I am from Edmonton Canada and we witnessed a large meteor come down last night.  I thought since this is a S.F forum you guys may want to check this out.  I was driving home and saw the meteor...it flashed bright green and the whole sky lit up.  This is a link to a site who had security footage that caught the meteor on film.  It was amazing...my heart was pumping, I felt like I was in War of the Worlds or something.  People were almost stopping on the roads.

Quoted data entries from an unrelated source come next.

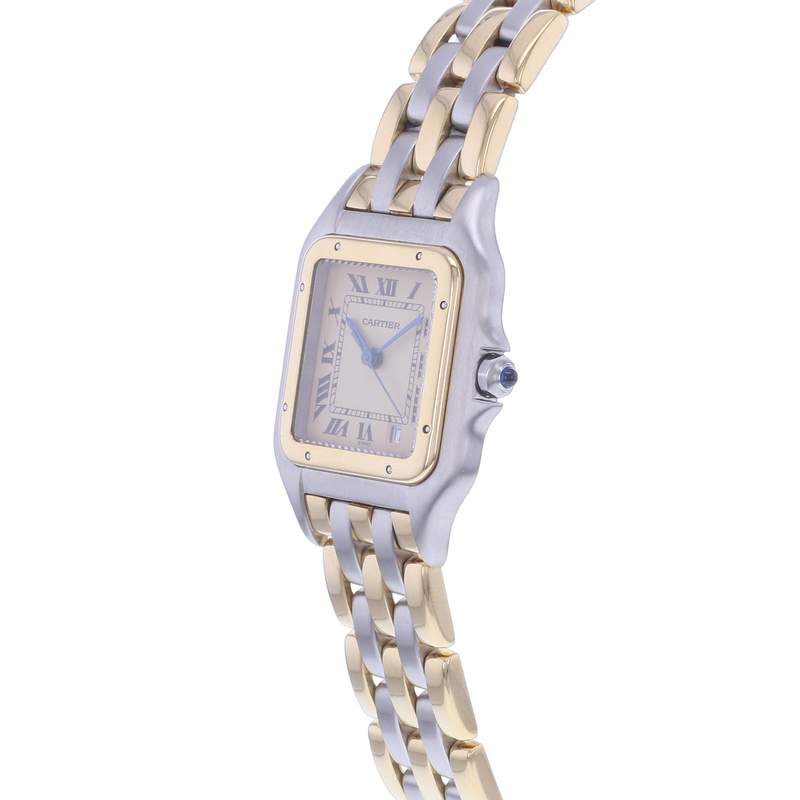 Montre d'occasion CARTIER Panthère Moyen Modèle femme quartz bracelet or jaune 750/000 et acier - vue D2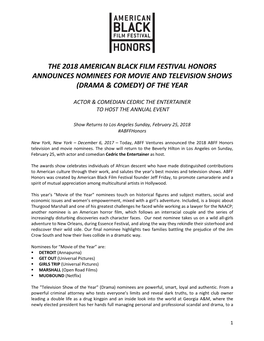 The 2018 American Black Film Festival Honors Announces Nominees for Movie and Television Shows (Drama & Comedy) of the Year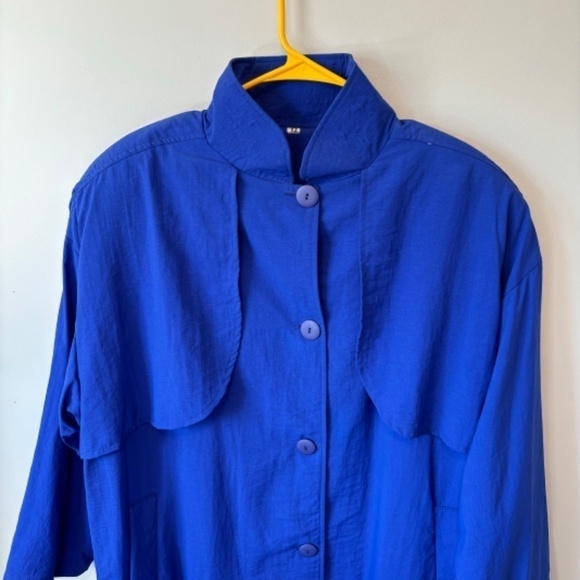 Vintage Women's Full Length, Cobalt Blue, Lined Trench Coat, Circa 1980s, SZ 12 - Picture 3 of 9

http://canwest.a.mms.mavenapps.net/...yerId=onlyonline&maven_referralObject=3211530


----------



## murphy (Nov 21, 2008)

All I can say is, Wow.   What an awesome sight.


----------



## sloweye (Nov 21, 2008)

I cant get the vid to play but i have an uncle in Vancover, i'll have to e-mail and ask if they got to see anything.


----------



## murphy (Nov 21, 2008)

I couldn't find any still pix, but here's a link to the story about it.   I have to copy your link, ratsy, and send it to all my friends.


----------



## Perpetual Man (Nov 21, 2008)

Absolutely stupendous. The footage makes it even more impressive. Thanks Ratsy! (And from one of my favourite cities on the planet too!)


----------



## ratsy (Nov 28, 2008)

This footage was taken in edmonton and they just found fragments of the meteor about 200kilometers east of us.  Pretty cool


----------



## tangaloomababe (Nov 28, 2008)

Sorry can't get either link to work, still how lucky are you Ratsy to witness something like that.  Your right it would have been like War of the Worlds.  "A green flash in the sky" I know those words well.  Jeff Wayne's WOTW is one of my favorite musical tracks and they say those very words a number of times. Just hope you don't have Tom Cruise for back up!


----------



## ratsy (Nov 28, 2008)

here is a different link from youtube...
YouTube - Police dash cam of Meteor over Edmonton, Canada

It still looks cool


----------